Let me begin with three short vignettes - scenes from an ambassador's life, if you will. Indulge me for a second. The first scene actually took place before I became an ambassador, it's in 2008. 2008 was Israel's sixtieth birthday. I was a professor in Israel, an historian, and one day I get a call from the U.S. Embassy in Tel Aviv, from the Naval Attaché. Would I be interested in flying out to the U.S.S. Truman - an aircraft carrier patrolling somewhere out in the eastern Mediterranean - and giving a lecture on a history of the U.S.-Israel relationship? So I thought about this for about a quarter of a second. Are you kidding? Would I like to fly out to an aircraft carrier? Of course I'd like to fly out to an aircraft carrier. I said okay, made a date. I go out to some obscure airfield near Ben Gurion Airport and get onto a naval propeller plane.
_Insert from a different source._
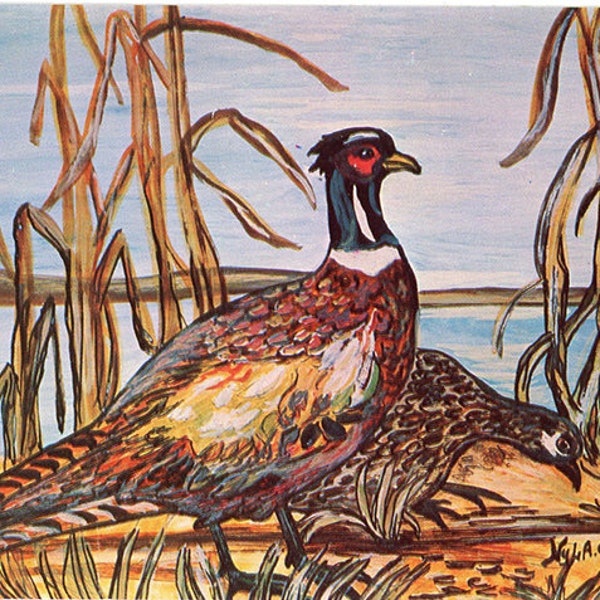 Ring-necked Pheasants by Lake Vintage Bird Postcard Signed Nyla Thompson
Nobody here from the Navy? I see a few men in uniform from the Army. I don't know if you guys have ever landed on an aircraft carrier - you did? Did they tell you what it was going to be like before you landed? Obviously this is like a naval thing - it's a big joke. They strap you on, you fly two hours - the U.S.S. Truman was out in the middle of the Mediterranean between of the island of Rhodes and Turkey - and they don't tell you that this plane is going to go from 180 miles an hour to zero in about less than a second. So you land. You're here and your eyeballs are somewhere out there - they think it's very funny. I don't. I get out and here's the most extraordinary thing: there are 5,200 crewmembers of the U.S.S. Truman - this is an American city floating out in the middle of the ocean - and they're all standing and waiting for me, an Israeli professor, to talk to them about the history of the U.S. and Israel relationship. Why? Then I became ambassador and I visit various cities - Kansas City this morning. A couple months ago I was in Denver, Colorado. Colorado has a fairly large Jewish community - a big state. I was a guest of the two houses of the Assembly of Colorado. While I was there both houses of the Congress of Colorado passed a resolution in support of the State of Israel - unequivocally in support of the State of Israel, love for the State of Israel - in my presence. Both of these resolutions passed unanimously. No opposition. Zero. Why?
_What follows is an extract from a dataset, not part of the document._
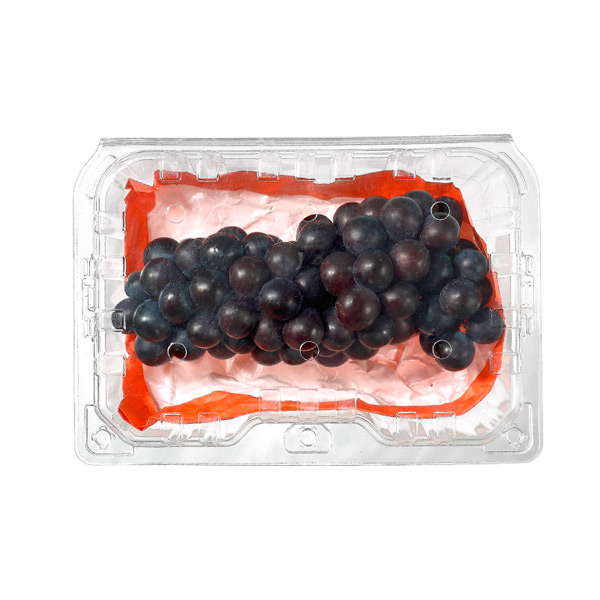 Punching Design Fresh Fruits Grapes Packaging and Storaging Clear Container with Holes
Several months later I'm visiting Cincinnati. Great City, Cincinnati. Usually when I go to an American city I'll try to speak to local leaderships. I'll speak to Latino leadership, I'll speak to the African-American leadership, the Jewish leadership. On Sundays I try to go to church because we have a very important relationship with Christians in this country - more on that later. On this particular Sunday I went to an unusual church. I went to an African-American Baptist church in a downtown part of Cincinnati. And I walk into this church and for a person who comes from a background like I do, actually seeing one of these churches with the choir and the music - it was so thrilling. This entire church embraced me. The reception I received there was simply - it was a type of rapturous reception. I was enveloped with love as the Ambassador of Israel to the United States. Why?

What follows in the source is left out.